In the records below, find the line containing "#HashtagWars - #MakeARapperSoft" and the line containing "Designing for Newspapers"; please repeat exactly the lines from one to the other, both included, and nothing more.

━━ Extracted records

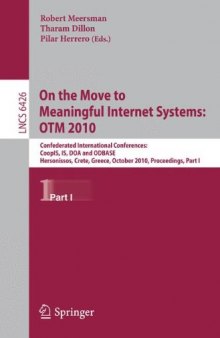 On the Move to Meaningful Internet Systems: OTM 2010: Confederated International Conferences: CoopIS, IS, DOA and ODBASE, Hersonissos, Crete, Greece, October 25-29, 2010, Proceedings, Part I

━━━━
━━ Extracted records

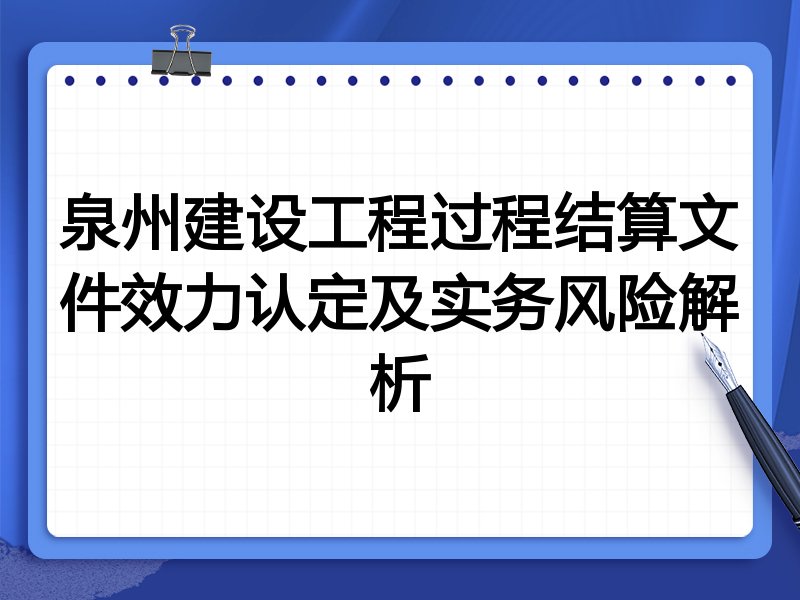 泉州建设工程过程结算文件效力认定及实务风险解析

━━━━
━━ Extracted records

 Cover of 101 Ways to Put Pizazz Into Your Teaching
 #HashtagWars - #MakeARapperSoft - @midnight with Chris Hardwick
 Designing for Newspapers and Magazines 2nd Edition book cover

━━━━

*Expected output*:
 #HashtagWars - #MakeARapperSoft - @midnight with Chris Hardwick
 Designing for Newspapers and Magazines 2nd Edition book cover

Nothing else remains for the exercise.